To a Londoner the greatest river in the world.(Thumb) 

I have just come across a small site called memoryscape. (Voices from the hidden History of the Thames) Well worth a browse through,,,,,,,nostalgia at its best, in particular walk 2 the Dockers 

http://www.memoryscape.org.uk/index.htm

Phill


----------



## benjidog (Oct 27, 2005)

Thanks for posting this Phil. Interesting site!

Brian


----------



## Graham Wallace (May 6, 2006)

I guess I started my interest in boats started on the Thames way back in 1946 but not in the tidal reaches, spending every weekend on the river, summer holidays were spent travelling upstream. 
We lived in Hounslow and first had a camping punt at Staines went as far as Old Windsor and I learned how to hold a paddle. and sleep under leaky canvas.

My father then bought a small 20 foot landing craft shell ,converted it to sleep 4 ( never knew how he accomplished that as was not technically trained, most of the materials and parts were ex WD sales) and added a new British Anzani 10 hp two stroke outboard, no auto recoil of starting rope in UK in those days. We travelled as far as Oxford a few times. A flat bottomed hull and hell to steer in any wind.

About 1950 Dad bought a 24 foot converted lifeboat, 4 berths, 4 cylinder inboard, Magneto ignition (that magneto spent the winters in the airing cupboard to keep it dry), primitive galley and toilet. Spent many happy years honing my small boat handling on weekends at Shepperton and Sunbury. Went to Oxford and as far as Lechlade. I remember the fishing was marvellous above Oxford.
Still have a few old photos of those times.

Joined BP Tanker Co as an Marine Engineering Apprentice in 1955

Graham Wallace


----------



## Trader (Jul 1, 2005)

Thanks for the link Phill. A very interesting site.

Trader.


----------



## VLCC (Nov 26, 2007)

So much to do on the river from the river busses, to HMS Belfast and in chatham theres a whole dockyard with 3 static vessels and active paddlers, HMS Ocelot cavalier and a sloop i forget her name are there for public viewing.

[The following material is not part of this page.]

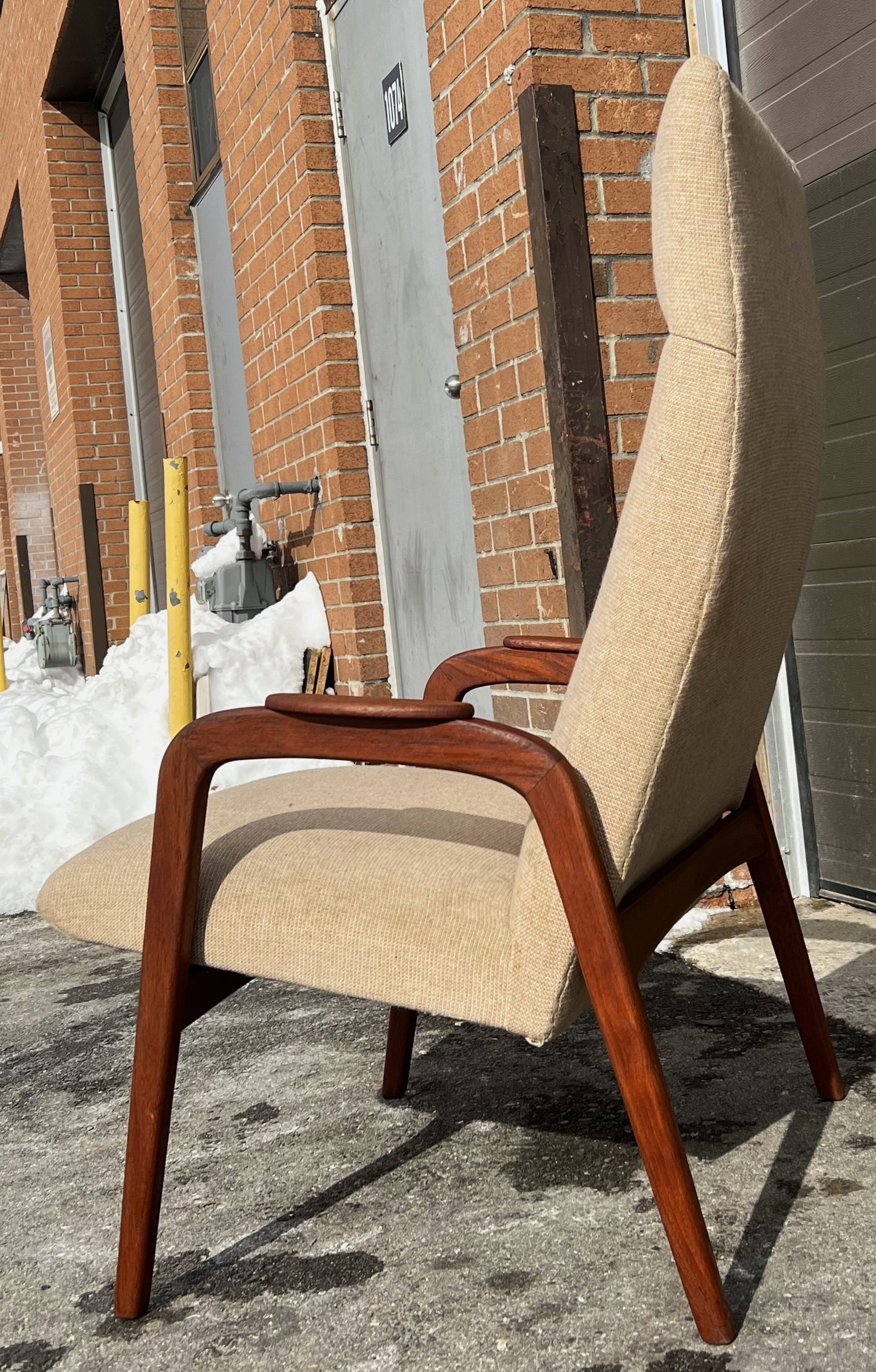 Choose Fabric***REFINISHED Danish Mid Century Modern Teak Lounge Chair will get NEW upholstery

Chatham maritime dockyard kent.


----------



## Phill (Jun 17, 2005)

VLCC said:


> So much to do on the river from the river busses, to HMS Belfast and in chatham theres a whole dockyard with 3 static vessels and active paddlers, HMS Ocelot cavalier and a sloop i forget her name are there for public viewing.
> 
> Chatham maritime dockyard kent.


The Sloop is the HMS Gannet of the Victorian era, built 1878, 
as for working at sea, as in your profile, open a thread (messdeck) I'am sure someone can point you in the right direction.
all the best 

Phill


----------